Philippe JEAMMET. - Du bien. Car essayer de repérer très tôt, chez certains adolescents, des dysfonctionnements émotionnels ne peut que nous permettre de mieux comprendre et soigner ceux-ci. Mais cette formidable approche doit s’accompagner d’une révision de notre compréhension des troubles mentaux. Déjà, le fait d’avoir diffusé une autre nomenclature est un progrès. Dire à un patient: «Vous êtes bipolaire», plutôt que: «Vous souffrez d’une psychose maniaco-dépressive», ce qui le rejetait dans un champ hors humain, c’est beaucoup. Car, en réalité, ces patients ne souffrent pas d’une maladie née d’un gène ou d’un virus, et qu’on pourrait considérer ensuite comme un état permanent. Ils souffrent de vulnérabilités à fonctionner dans le traitement de leurs émotions.

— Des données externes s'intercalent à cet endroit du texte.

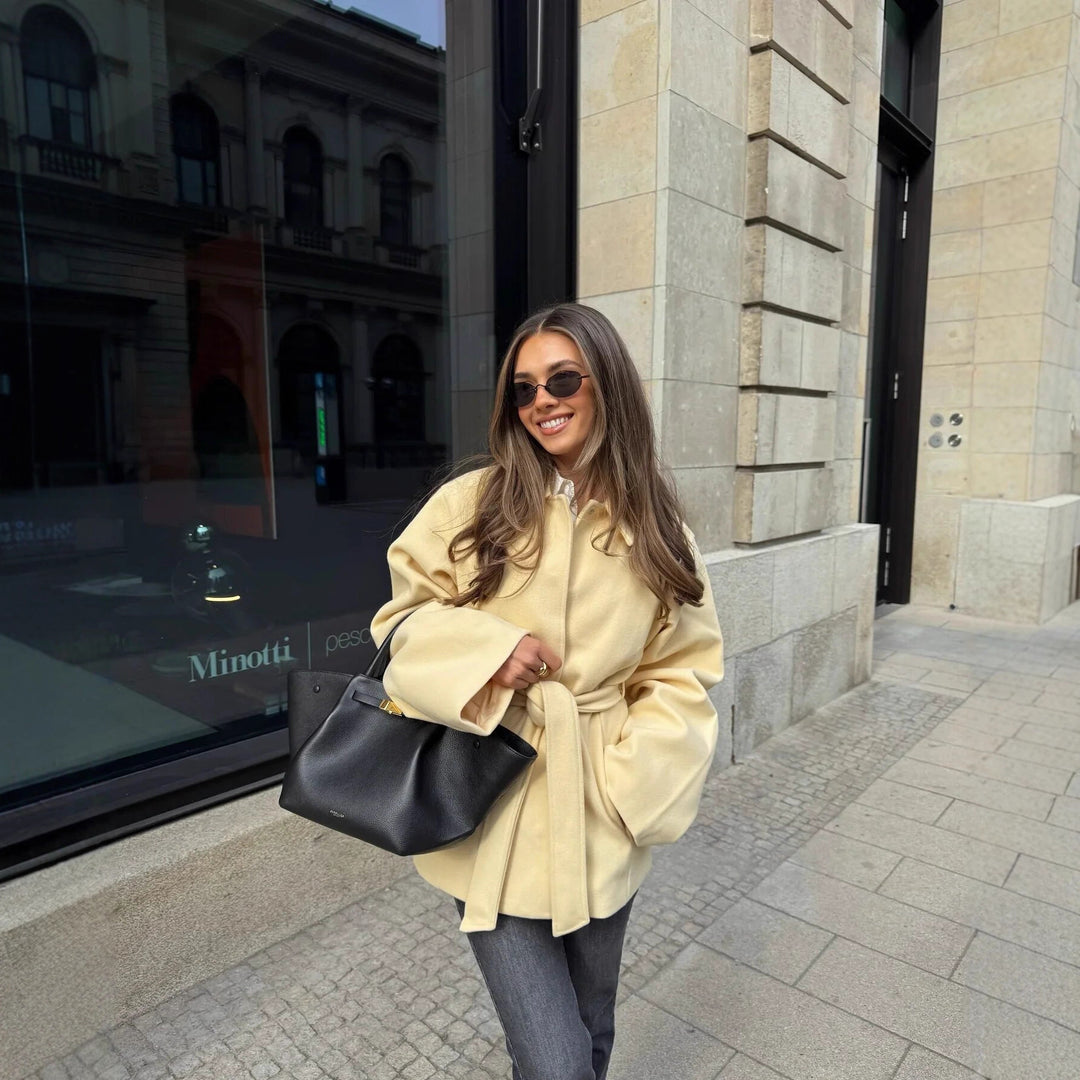 Damen modische Wickeljacke mit hochwertigem Material und Taillengürtel Drune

   Les neurosciences le montrent désormais: ce n’est pas un, mais plusieurs gènes qui les poussent à répondre de manière massive à certains débordements en eux. Et cette vulnérabilité sera mise à l’épreuve, puis exacerbée, par certains environnements, comme c’est le cas pour la tension artérielle, par exemple. Dans certains milieux porteurs, cette vulnérabilité, très intensifiée au moment de l’adolescence, saura s’apaiser. Malheureusement, dans d’autres cas, le jeune s’enfermera pour se protéger dans un comportement qui le coupe des liens avec autrui. Je préfère parler de conduite «adaptative pathogène». Tout cela nous amène à considérer la maladie comme une dynamique.

Pour vous, le point commun de toutes ces pathologies est donc l’émotion?

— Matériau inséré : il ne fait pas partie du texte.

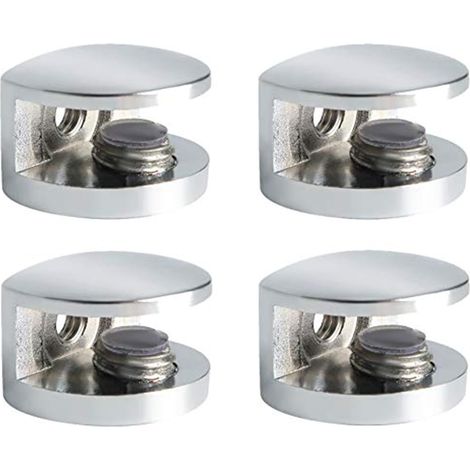 Glasklemme, Glasregalträger, Wandmontage, verstellbare Befestigung, anpassungsfähig für 5–8 mm dickes Glas, polierte Oberfläche aus Zinklegierung, 4 Stück, EBL3008-4P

   Oui. On sait désormais grâce aux neurosciences que la pensée est vraiment un produit du cerveau. Et la spécificité de l’être humain, c’est sa conscience réflexive, le fait qu’il soit capable de prendre du recul et de se dire: «Je pense cela.» Mais, parfois, cette conscience réflexive est débordée par l’émotion. La personne se met à croire totalement ce qu’elle ressent. Par exemple, «des voix me parlent», «le monde est menaçant» ou «je suis un génie».

   Ce dérèglement des circuits cérébraux émotionnels fait prendre pour extérieur ce qui est une décharge intérieure. La personne ne peut plus faire le tri entre le dehors et le dedans. On mesure alors l’ampleur des contraintes qui pèsent sur nous: nos émotions sont à la fois merveilleuses, de puissants moteurs de vie, de créativité, mais aussi des ressorts potentiels de destruction. Plus on avance dans leur connaissance, plus on sera à même de trouver, à partir de celle-ci, notre liberté.

Pensez-vous que ces débordements sont plus fréquents chez les jeunes d’aujourd’hui? 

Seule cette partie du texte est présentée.